Legnini da Orlando, caso chiuso? Morosini: “Mie parole manipolate, attacchi durissimi”
11 Maggio 2016
Il vicepresidente del Csm, Giovanni Legnini, sembra buttare acqua sul fuoco nello scontro tra giudici e politica, dopo il caso Morosini. “Non era un caso da risolvere perche’ non c’era da metterci una pietra sopra, e’ una vicenda chiarita”, ha detto Legnini alla fine dell’incontro con il ministro della Giustizia Orlando.
“Morosini mi ha detto che non si riconosce nelle affermazioni che gli sono state attribuite e ha preso le distanze”, aggiunge Legnini riferendosi ai giudizi espressi dal membro del Csm su riforme, magistrati e sullo stesso Consiglio superiore della magistratura, apparsi in una intervista che Morosini aveva subito smentito.
Da parte delle toghe servono “condotte che mettano gli organi istituzionali al riparo da polemiche”, chiede il ministro Orlando, che la scorsa settimana aveva definito il caso di “rilevanza istituzionale” e che ieri ottiene da Legnini l’impegno a vigilare perche’ “i pareri del Csm siano strettamente legati alla funzione istituzionale”.
“Consoni alle finalita’ dell’istituzione con considerazioni tecnico-giuridiche. Il che non esclude che il Csm possa fare considerazioni critiche”, aggiunge Legnini.

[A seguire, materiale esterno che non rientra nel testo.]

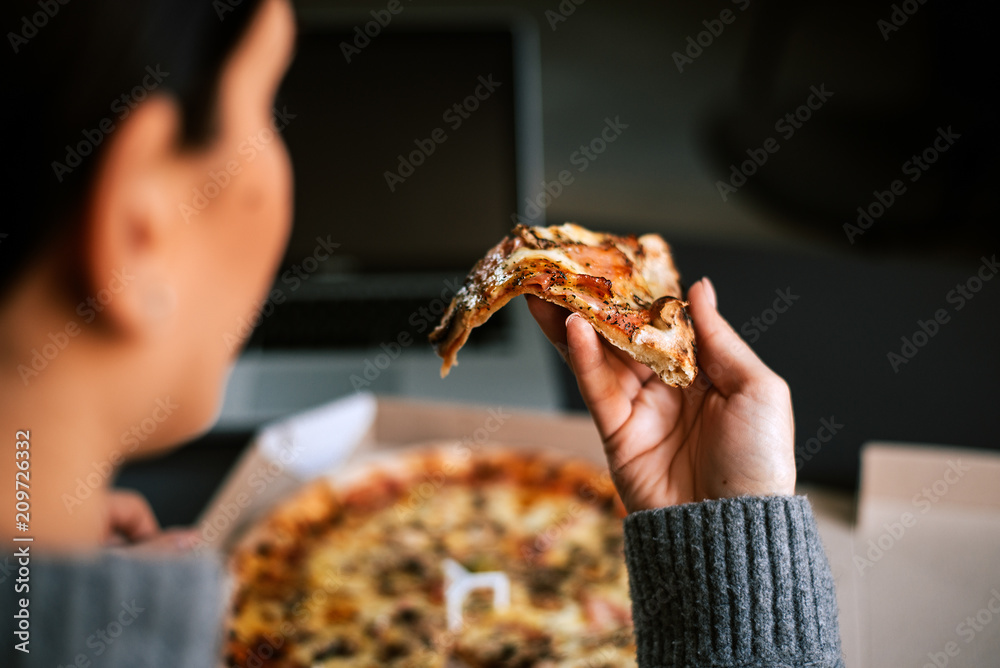 Rear view of woman taking a slice of pizza.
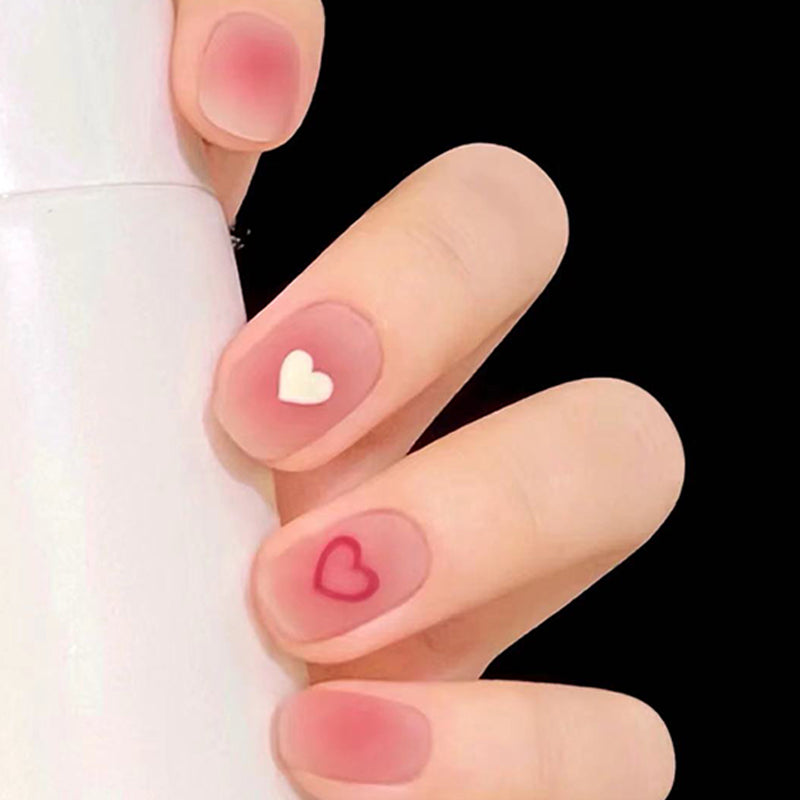 Romantic Affair Medium Oval Beige Press On Nails with Love Heart Accents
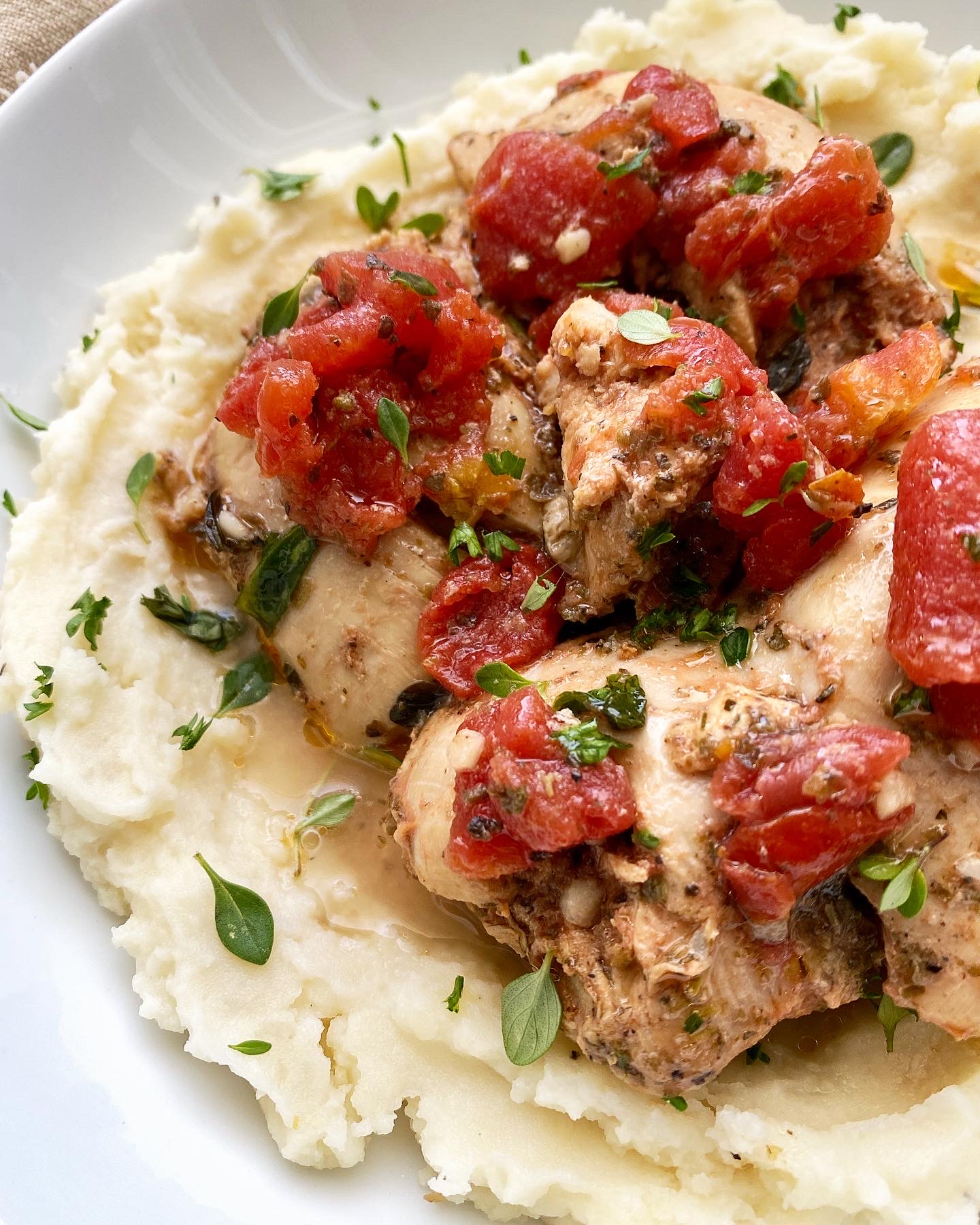 side view of tomato garlic chicken & herbs in a white bowl on top of mashed potatoes with fresh herbs on top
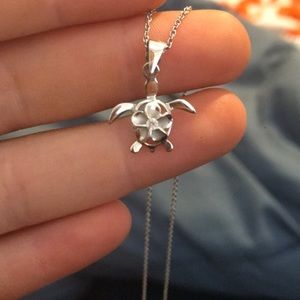 Silver Hawaiian turtle necklace with plumeria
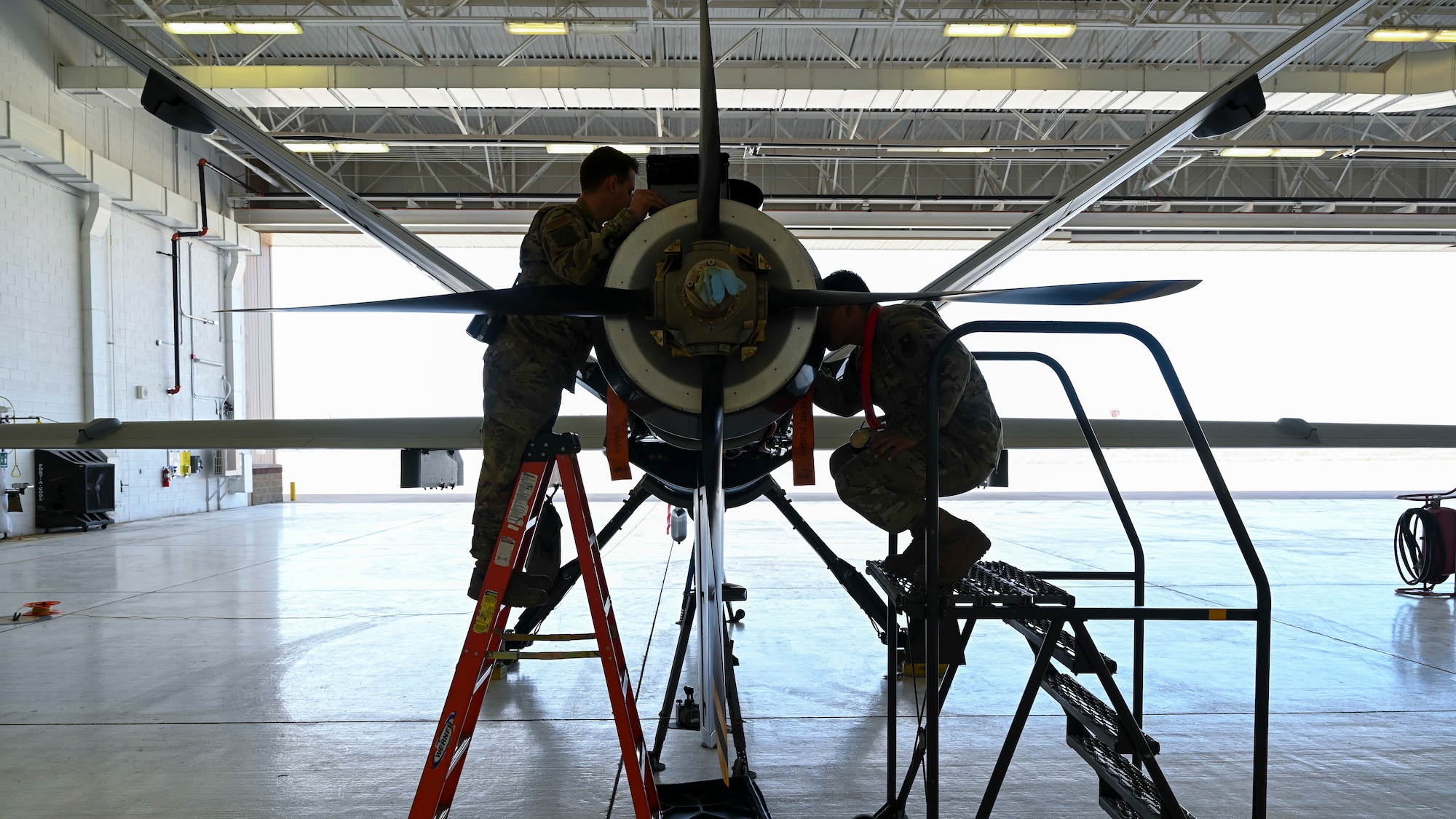 U.S. Air Force Senior Airman Alejandro Thompson, 29th Aircraft Maintenance Unit MQ-9 Reaper dedicated crew chief, left, and U.S. Air Force Staff Sgt. Erandy Rodriguez, 29th AMU avionics technician, inspect the engine of an MQ-9 at Holloman Air Force Base, New Mexico, May 3, 2023.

Sulla eventuale partecipazione dei magistrati alla campagna sul referendum costituzionale, Legnini ha invitato i giudici alla cautela e indicato la strada di un codice di autoregolamentazione per i consiglieri del Csm.
Morosini, intervenendo al plenum del Csm, dice di essere stato vittima di “un’inaccettabile manipolazione delle sue parole” e poi,nonostante la sua smentita, di “attacchi durissimi e reiterati”: “una cosa che non potrei perdonarmi e’ se da questo episodio incredibile, derivasse l’occasione per discutere di limitazioni dei diritti personali non solo dei consiglieri superiori ma di tutti i magistrati italiani”.